Do Bhai (English: The Two Brothers) is a 1947 Indian Bollywood film directed by Munshi Dil. Its starred Ulhas, Kamini Kaushal, Dipak Mukherjee, Tiwari, Rajan Haksar and Paro Devi in lead roles. It was the second highest grossing Indian film of 1947.

==Cast==
- Ulhas
- Kamini Kaushal
- Dipak Mukherjee
- Tiwari
- Rajan Haksar
- Paro Devi
- S. B. Nayampalli
- Abdul Majeed
- Kanta Kumari
- Vikram Kapoor
- Afghan Shadow
- Baby Tara

==Soundtrack==

Music composed by S. D. Burman, lyrics written by Raja Mehdi Ali Khan.

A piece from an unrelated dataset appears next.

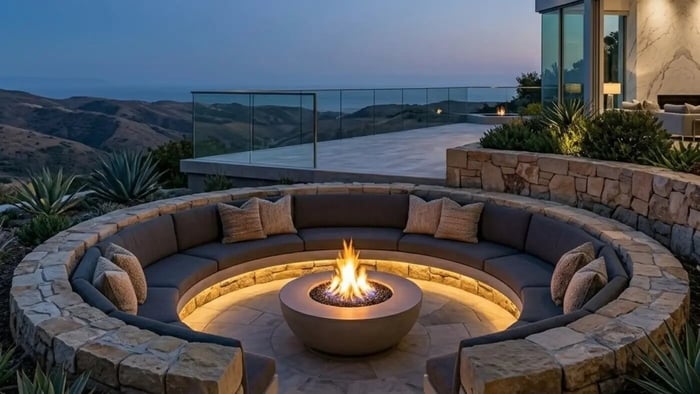 Sunken outdoor lounge and circular stone composite luxury fire pit built into a custom masonry courtyard on a modern hillside terrace with mountain views at dusk.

1. Aa Jaa Koi Pukare Tere Bagair Sune Hai – Geeta Dutt
2. Aji Preet Ka Naata Toot Gaya – Geeta Dutt, G. M. Durrani
3. Amwa Ki Dali Pe Koyal Bole – Paro Devi
4. Duniya Me Mere Aaj, Andhera Hi Andhera – Mohammed Rafi
5. Hamen Chhod Piya Kis Des Gaye – Geeta Dutt
6. Kabhi Bhule Se Na Puchi Man Ki Baat – Paro Devi
7. Mere Piya To Base Pardes Re – Geeta Dutt
8. Yaad Karoge, Ek Din Hum Ko Yaad Karoge – Geeta Dutt
9. Yaad Rakhna Mujhe Yaad Rakhna – Geeta Dutt, K. S. Ragi

Geeta Dutt (née Roy), who had no formal training in music, sang two lines in a chorus in the film Bhakt Prahlad (1946). On hearing her voice, S.D. Burman persuaded her father to let her sing in his forthcoming film Do Bhai (1947). The first song to be recorded for the film in her voice was 'Humein chod piya kis des gaye'. She sang six out of the nine songs of the film. From them the songs "Mera Sundar Sapna Beet Gaya" and "Yaad Karoge" became enduring hits.